В наибольшей степени созвучен Жуковскому был Шиллер. Его привлекали человечность, поэтическая одушевленность поэзии Шиллера, близкое ему самому стремление к «идеалу». Кроме ряда баллад, Жуковский перевел «Орлеавскую деву». Он находил пьесы Шиллера более сценичными, чем пьесы Гете; намеревался перевести «Дон Карлоса».
8
Иногда поэтический голос Жуковского совершенно неверно трактуется как однообразный. Между тем Пушкин писал: «Никто не имел и не будет иметь слога, равного в могуществе и разнообразии слогу его».[38] Наряду с медитативной элегией, наряду со столь отличной от нее песней-романсом, в творчестве Жуковского есть замечательные произведения «поэзии мысли», — попытки воплотить сложную, стремящуюся познать законы человеческой жизни мысль, часто трагическую и философски значительную. Эти устремления в наибольшей степени выражены в «античных» балладах, в стихотворении «Цвет завета», послании к Александре Федоровне (1818) и в особенности в элегии «На кончину ее величества королевы Виртембергской». Последняя представляет собой, по словам Белинского, «скорбный гимн житейского страдания». Жуковский рисует смерть Екатерины Павловны, сестры Александра I, не как смерть королевы (само это слово фигурирует только в названии), но как смерть молодой и красивой женщины; тема стихотворения — трагичность и несправедливость безвременной смерти молодой матери и жены. Жуковский последователен и верен своему несоциальному принципу изображения человека; мы видим в элегии как бы другой полюс его лишенного социальности гуманизма: на одном полюсе был «селянин», на другом теперь — королева Виртембергская, и в обоих Жуковский выявляет гласное, «святейшее из званий — человек» (программный для Жуковского стих из послания Александре Федоровне, 1818 г.). Нет надобности подробно останавливаться на совершенно очевидных слабых чертах такого подхода к изображению человека. Ведь социальное начало, о чем в другой связи уже шла речь, является определяющим фактором в формирования самой человеческой психологии. Однако, при всех слабых сторонах своей концепции, Жуковский в этой элегии действительно с огромной силой и в отличие от своих песен-романсов, с большой степенью психологической и философской дифференциации, и детализации воссоздает человеческое переживание и смятенную несправедливостью судьбы человеческую мысль:
Природа здесь верна стезе привычной,
Без ужаса берем удел обычный.
Но если вдруг, нежданная, вбегает
Беда в семью играющих Надежд;
Но если жизнь изменою слетает
С веселых, ей лишь миг знакомых вежд
И Счастие младое умирает,
Еще не сняв и праздничных одежд…
Тогда наш дух объемлет трепетанье,
И силой в грудь врывается роптанье.
Здесь нет ни песенной мелодичности, ни свойственной песне суммарности в передаче переживания. Своеобразие стиля элегии — в сочетании конкретности мыслей и чувств («И в руку ей рукой оцепенелой ответного движенья не вожмешь…», «А мать, склонясь к обманчивым листам…» и т. д.) с торжественной патетикой, философским обобщением. Философский смысл имеют олицетворения, восходящие к традиции «высокой» поэзии XVIII века («Беда», «Молва», «Надежда», «Прелесть», «Счастие»). Несомненно, данная элегия и вообще данный стиль поэзии. Жуковского сильнейшим образом воздействовали на лирику Баратынского («Осень»).

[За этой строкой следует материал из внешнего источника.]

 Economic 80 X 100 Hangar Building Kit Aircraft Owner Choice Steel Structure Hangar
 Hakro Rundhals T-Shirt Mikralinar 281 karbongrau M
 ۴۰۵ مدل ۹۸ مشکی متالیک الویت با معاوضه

Не следует затушевывать того, что в поэзии и философских воззрениях Жуковского является для нас чужим. Это — идеалистически-религиозные черты его поэзии, особенно усилившиеся к концу 1810-х годов и развивавшиеся в 1820-1840-х годах.

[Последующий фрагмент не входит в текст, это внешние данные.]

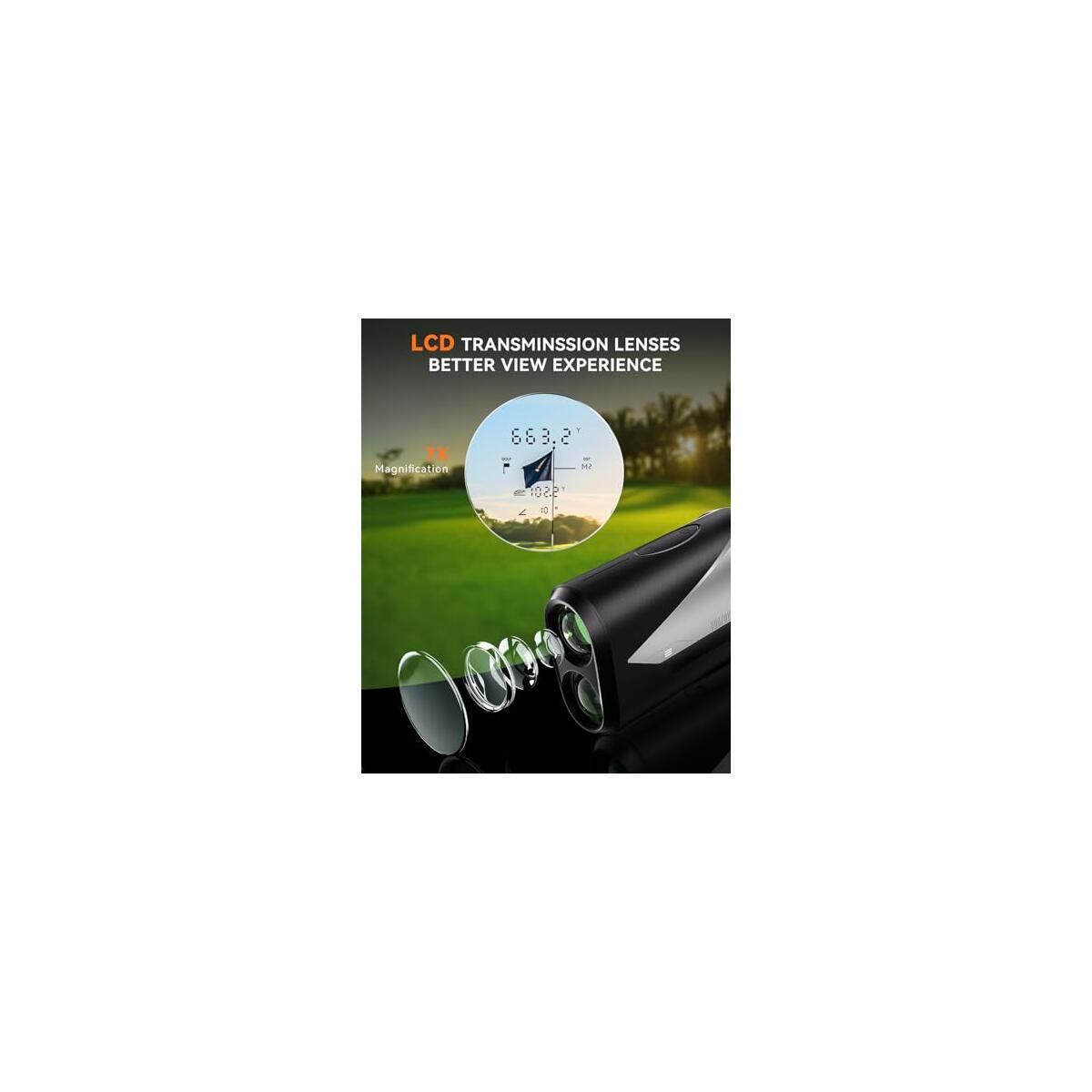 Golf Rangefinder With Slope Cash Back - RebateKey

Исполненный неудовлетворенности жизнью поэт, которого современники называли «поэтом страдания», далек от ропота и протеста (даже трагическая элегия «На кончину ее величества королевы Виртембергской» заканчивается религиозно-примиряющим аккордом). В течение всей своей жизни Жуковский верил, что за все муки в жертвы — «там наше воздаянье» («Песня» — «О милый друг, теперь с тобою радость…»), что «смертных ропот безрассуден» («Людмила»).